[Start of Attachment]

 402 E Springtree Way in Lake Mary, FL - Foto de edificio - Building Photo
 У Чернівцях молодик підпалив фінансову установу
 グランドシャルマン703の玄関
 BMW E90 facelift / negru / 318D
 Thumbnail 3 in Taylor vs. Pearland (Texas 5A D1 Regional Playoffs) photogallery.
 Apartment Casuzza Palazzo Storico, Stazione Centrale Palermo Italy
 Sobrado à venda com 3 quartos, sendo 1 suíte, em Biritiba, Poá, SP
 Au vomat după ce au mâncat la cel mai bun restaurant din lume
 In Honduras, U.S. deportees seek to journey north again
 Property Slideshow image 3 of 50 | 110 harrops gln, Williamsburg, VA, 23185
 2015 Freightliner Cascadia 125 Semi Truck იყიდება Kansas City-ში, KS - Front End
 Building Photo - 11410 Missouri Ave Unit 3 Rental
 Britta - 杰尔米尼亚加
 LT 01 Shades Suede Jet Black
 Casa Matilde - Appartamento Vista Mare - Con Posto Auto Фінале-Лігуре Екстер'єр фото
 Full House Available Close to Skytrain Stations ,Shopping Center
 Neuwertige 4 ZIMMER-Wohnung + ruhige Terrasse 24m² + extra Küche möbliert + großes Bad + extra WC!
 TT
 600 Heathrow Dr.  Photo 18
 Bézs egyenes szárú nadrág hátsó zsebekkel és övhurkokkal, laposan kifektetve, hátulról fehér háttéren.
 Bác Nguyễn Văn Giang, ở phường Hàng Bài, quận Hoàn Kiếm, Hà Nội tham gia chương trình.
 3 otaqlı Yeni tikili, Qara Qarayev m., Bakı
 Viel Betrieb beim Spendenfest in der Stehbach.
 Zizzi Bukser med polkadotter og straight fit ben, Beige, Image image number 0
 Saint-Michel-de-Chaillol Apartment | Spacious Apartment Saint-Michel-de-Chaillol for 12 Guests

[End of Attachment]

*Exercise objective*:
Give back the whole listing. Match it exactly.

*Response to this exercise*:
 402 E Springtree Way in Lake Mary, FL - Foto de edificio - Building Photo
 У Чернівцях молодик підпалив фінансову установу
 グランドシャルマン703の玄関
 BMW E90 facelift / negru / 318D
 Thumbnail 3 in Taylor vs. Pearland (Texas 5A D1 Regional Playoffs) photogallery.
 Apartment Casuzza Palazzo Storico, Stazione Centrale Palermo Italy
 Sobrado à venda com 3 quartos, sendo 1 suíte, em Biritiba, Poá, SP
 Au vomat după ce au mâncat la cel mai bun restaurant din lume
 In Honduras, U.S. deportees seek to journey north again
 Property Slideshow image 3 of 50 | 110 harrops gln, Williamsburg, VA, 23185
 2015 Freightliner Cascadia 125 Semi Truck იყიდება Kansas City-ში, KS - Front End
 Building Photo - 11410 Missouri Ave Unit 3 Rental
 Britta - 杰尔米尼亚加
 LT 01 Shades Suede Jet Black
 Casa Matilde - Appartamento Vista Mare - Con Posto Auto Фінале-Лігуре Екстер'єр фото
 Full House Available Close to Skytrain Stations ,Shopping Center
 Neuwertige 4 ZIMMER-Wohnung + ruhige Terrasse 24m² + extra Küche möbliert + großes Bad + extra WC!
 TT
 600 Heathrow Dr.  Photo 18
 Bézs egyenes szárú nadrág hátsó zsebekkel és övhurkokkal, laposan kifektetve, hátulról fehér háttéren.
 Bác Nguyễn Văn Giang, ở phường Hàng Bài, quận Hoàn Kiếm, Hà Nội tham gia chương trình.
 3 otaqlı Yeni tikili, Qara Qarayev m., Bakı
 Viel Betrieb beim Spendenfest in der Stehbach.
 Zizzi Bukser med polkadotter og straight fit ben, Beige, Image image number 0
 Saint-Michel-de-Chaillol Apartment | Spacious Apartment Saint-Michel-de-Chaillol for 12 Guests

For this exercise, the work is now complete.